Я, когда репетировал «Евгения Онегина» в Михайловском, очень нервничал, даже начал кричать на артистов, но ко мне подошла костюмер, такая пожилая дама, и спросила: «Вы первый раз в опере ставите?» — «Да, первый». И тогда она рассказала: «Вы должны понять, что певцы — это птички. На них нельзя кричать. Потому что у них от страха горло перекрывается, и они петь не смогут. Поэтому кричать на них не надо». И я теперь все время это держу в голове. На опере стараюсь не кричать: смотрю на сцену и вижу: пошла птичка желтенькая, потом красненькая или черный ворон. А в драме другое дело.
— Каковы оперные планы?
— В следующем году буду ставить оперу в Антверпене — «Царя Кандалоса». А сейчас в ноябре в Михайловском сдам «Кармен». У меня появился свой немецкий агент, который считает, что я должен бросить драму и заниматься только оперой. Но как я могу бросить драму?

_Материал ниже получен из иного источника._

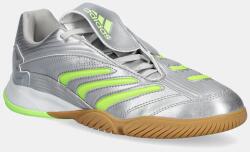 Adidas sneakers Predator Sala 9BYA-OBD2IZ_SLV (JR1636)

— Для некоторых это очень даже важный вопрос — опера или драма, — хотя бы потому, что в опере, несмотря на «санаторные условия», денег платят больше, чем в драме.
— Я тебе так скажу: большие драматические театры Европы платят тоже хорошие деньги.

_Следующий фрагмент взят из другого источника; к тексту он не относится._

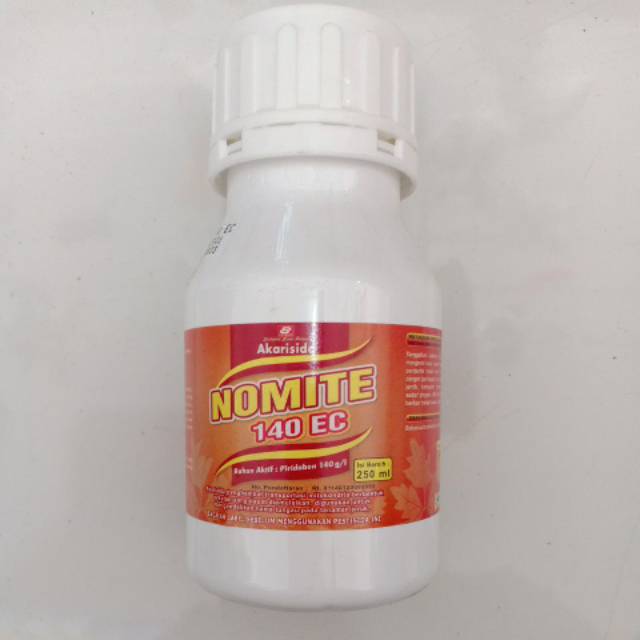 NOMITE 140 EC 250ml akarisida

— А ты считаешься одним из самых дорогих режиссеров. Был первым, кто в Москве установил самую высокую планку гонорара — 50 тысяч евро.
— Да, я из дорогих режиссеров.
— То есть размер гонорара имеет для тебя решающее значение?

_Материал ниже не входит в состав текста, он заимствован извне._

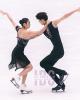 Yufei Lin & Zijian Gao (CHN)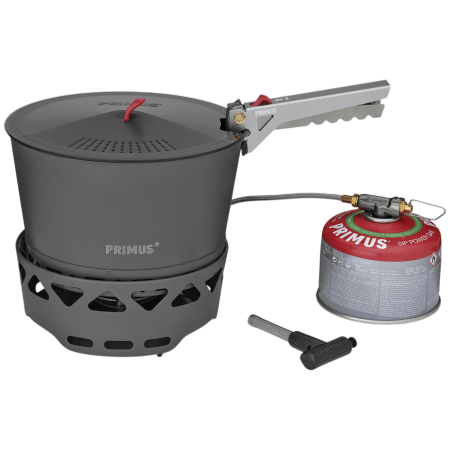 Juego de cocina Primus PrimeTech Stove Set II 2,3 l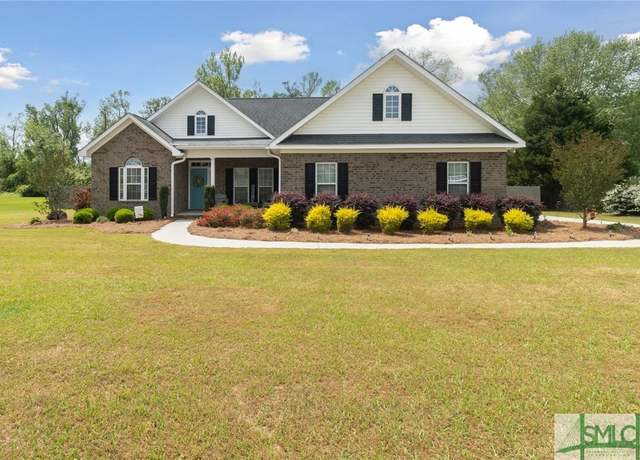 Property at 1833 Old Carriage Trl, Statesboro, GA 30458, 3 beds, 2 baths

— Сейчас со мной переговоры ведет театр Туманишвили из Тбилиси, их условия скромные, но я был в Тбилиси, увидел этих актеров, сам город и понял, что должен это сделать не ради денег. Деньги идут вторым планом. Но, скорее, это исключение, потому что… как лучше сказать… Вот я когда-то давно на блошином рынке увидел статуэтку — такие железные маски театральные. У меня с собой было, наверное, долларов 100, а продавец масок просил 150. Я стал торговаться, но он сказал твердо: «Из принципа не продам, потому что это стоит именно столько». В результате он не продал маски, и я долго думал почему. Понял: потому что есть такая цена.
Скажем, я читал лекцию, точнее сказать, свою теорию театра, в Токио, Сеуле, Мадриде, только что был в Сан-Пауло — за это мне платят серьезные деньги. А в Белграде я бесплатно читал эти же лекции: считаю, для нового поколения Сербии такие лекции важны. А с другой стороны, когда со мной 2–3 года назад вел переговоры Театр наций, а я хотел с Женей Мироновым что-то сделать еще до Лепажа, то мне предложили гонорар как для студента. Я не стал ничего делать.
— Тема Украины для тебя открыта или табу? Ты себя позиционируешь все-таки как украинский режиссер?
— Я везде пишу, что я украинский режиссер. Мало того: дома я говорю по-украински и думаю по-украински. Я, конечно, человек земли, но как-то давно сказал: «Если бы я был монгольским режиссером и Монголия оказалась бы в беде, то я бы должен быть монголом и защищать Монголию». Художник всегда должен быть на стороне слабых. И я за Украину, которая европейская. Но я не лезу в политику. Я могу спокойно приехать на Украину, у меня мама живет в Киеве. Но если ехать туда, то я хотел бы что-то там поставить. Я из семьи Тобилевичей — 100 лет назад жили три брата с такой фамилией: один основал Национальный театр, а другой — академию. И сейчас улицы названы в их честь.
— А почему же ты не Тобилевич?
— Я раньше подписывал афишу Тобилевич IV и получил за это шквал критики. А мой дедушка, профессор математики, двоюродный брат Арсения Тарковского — с Тарковским мы родственники: Тобилевичи и Тарковские при царе имели земли на Херсонщине. А Жолдак — фамилия моего папы.